Excluding pictures, what does the listing below contain from the line with "Bose QC 35 II" up to and including the line with "We Out Here", word for word?

═════ Recorded information ═════

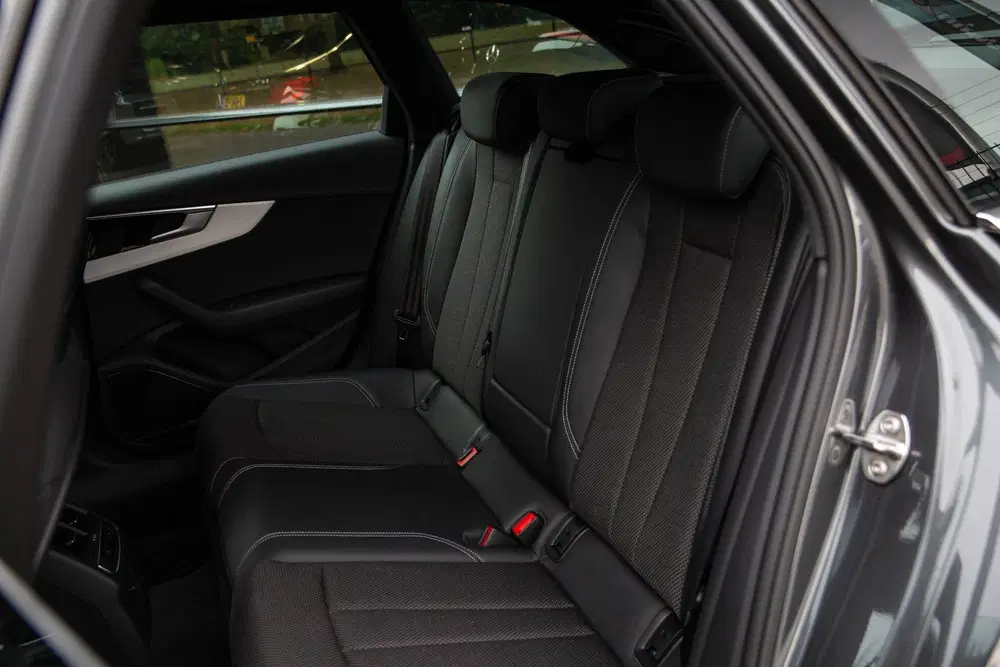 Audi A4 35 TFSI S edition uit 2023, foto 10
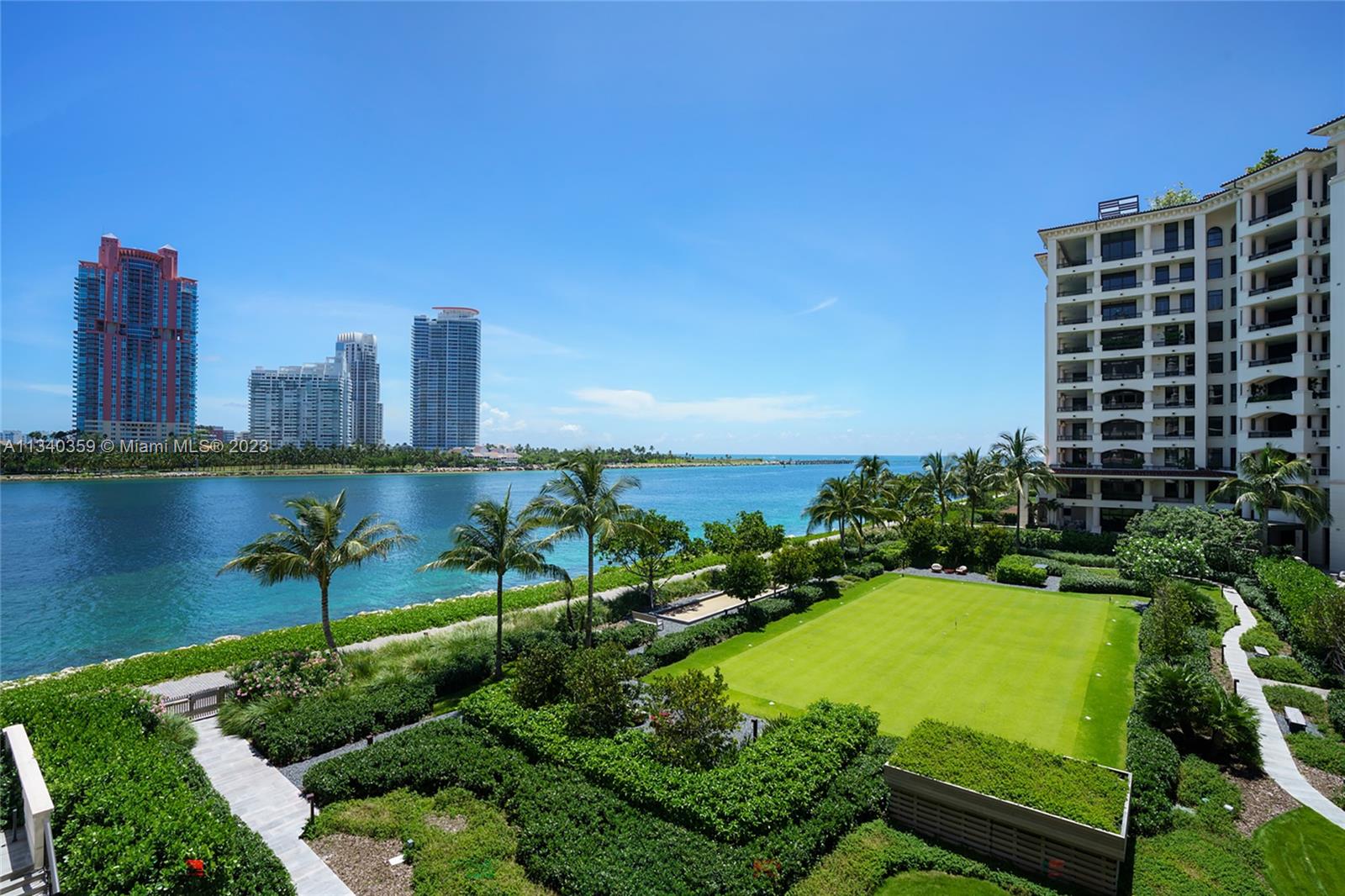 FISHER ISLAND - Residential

═════
═════ Recorded information ═════

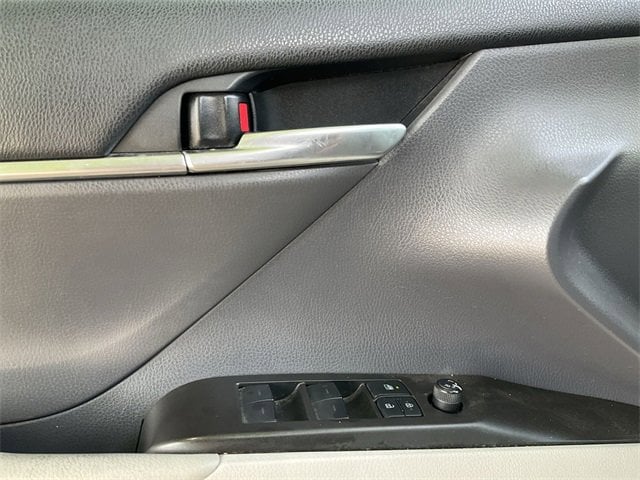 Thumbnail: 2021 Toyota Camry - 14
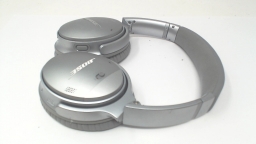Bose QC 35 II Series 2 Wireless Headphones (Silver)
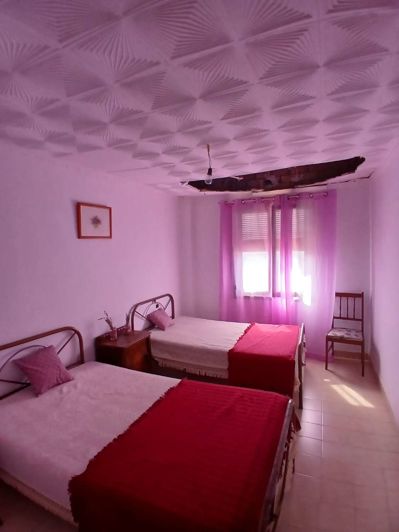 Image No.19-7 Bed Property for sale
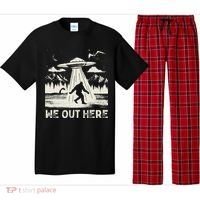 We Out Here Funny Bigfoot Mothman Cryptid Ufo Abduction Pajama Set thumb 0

═════

The answer »
Bose QC 35 II Series 2 Wireless Headphones (Silver)
 Image No.19-7 Bed Property for sale
 We Out Here Funny Bigfoot Mothman Cryptid Ufo Abduction Pajama Set thumb 0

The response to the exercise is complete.